Consequently, Symantec says email remains a significant attack vector for cybercriminals, but they continue to experiment with new attack methods across mobile devices and social networks to reach more people, with less effort.
“Cybercriminals are inherently lazy; they prefer automated tools and the help of unwitting consumers to do their dirty work,” Haley adds.
“Last year, 70 percent of social media scams were shared manually, as attackers took advantage of people’s willingness to trust content shared by their friends.”
While social media scams can provide cybercriminals with quick cash, some rely on more lucrative and aggressive attack methods like ransomware, which rose 113 percent last year.
Notably, there were 45 times more victims of crypto-ransomware attacks than in 2013. Instead of pretending to be law enforcement seeking a fine for stolen content, as we’ve seen with traditional ransomware, the more vicious crypto-ransomware attack style holds a victim’s files, photos and other digital content hostage without masking the attacker’s intention.
As attackers persist and evolve, Haley believes there are many steps businesses and consumers can take to protect themselves.
As a starting point, Symantec recommends the following best practices for businesses:
Don’t get caught flat-footed: Use advanced threat intelligence solutions to help you find indicators of compromise and respond faster to incidents.

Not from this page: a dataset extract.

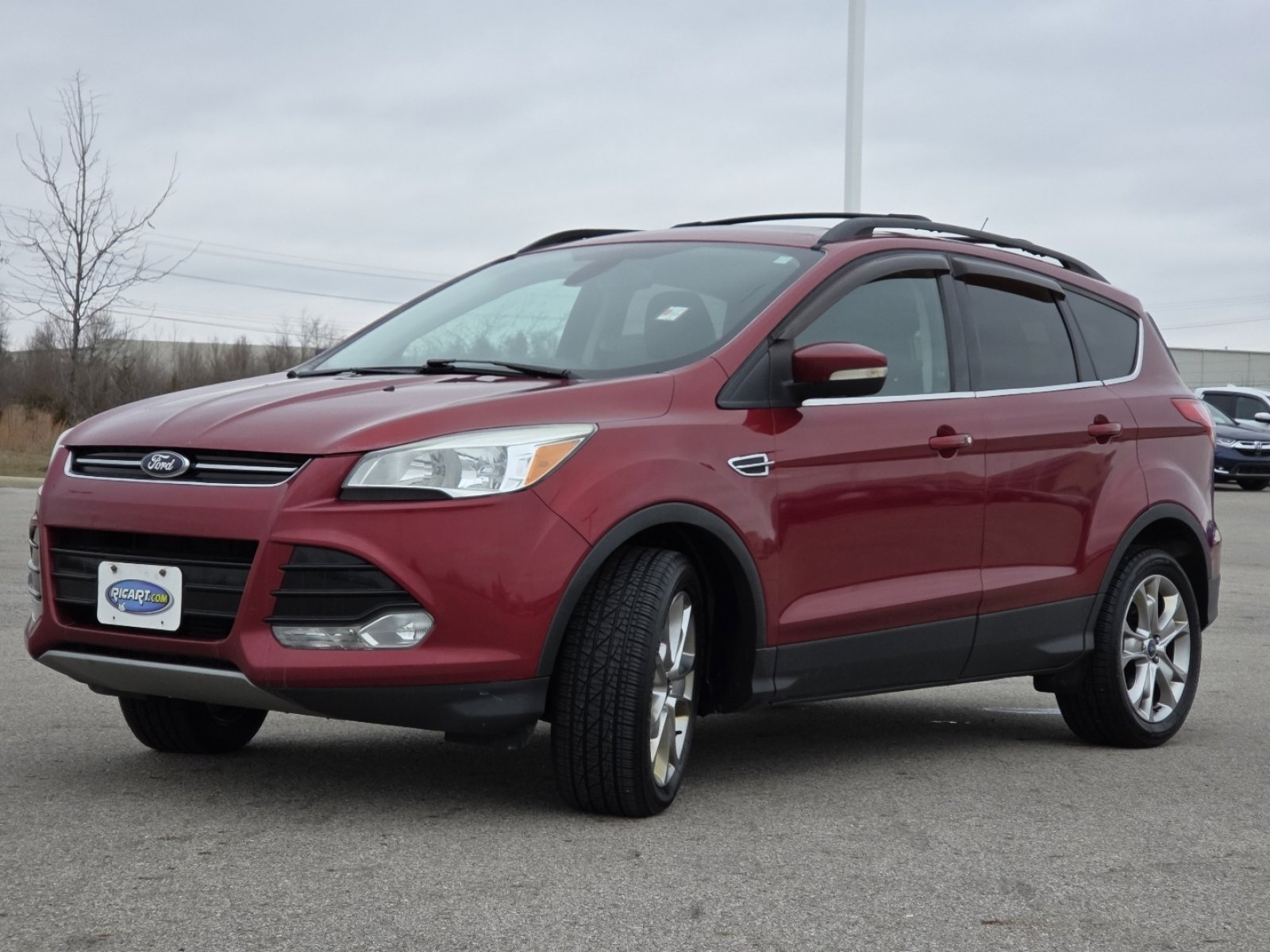 Used 2013 Ford Escape SEL image 10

Employ a strong security posture: Implement multi-layered endpoint security, network security, encryption, strong authentication and reputation-based technologies.
Partner with a managed security service provider to extend your IT team.
Prepare for the worst: Incident management ensures your security framework is optimised, measureable and repeatable, and that lessons learned improve your security posture.
Consider adding a retainer with a third-party expert to help manage crises.
Provide ongoing education and training: Establish guidelines and company policies and procedures for protecting sensitive data on personal and corporate devices.
Regularly assess internal investigation teams—and run practice drills—to ensure you have the skills necessary to effectively combat cyber threats.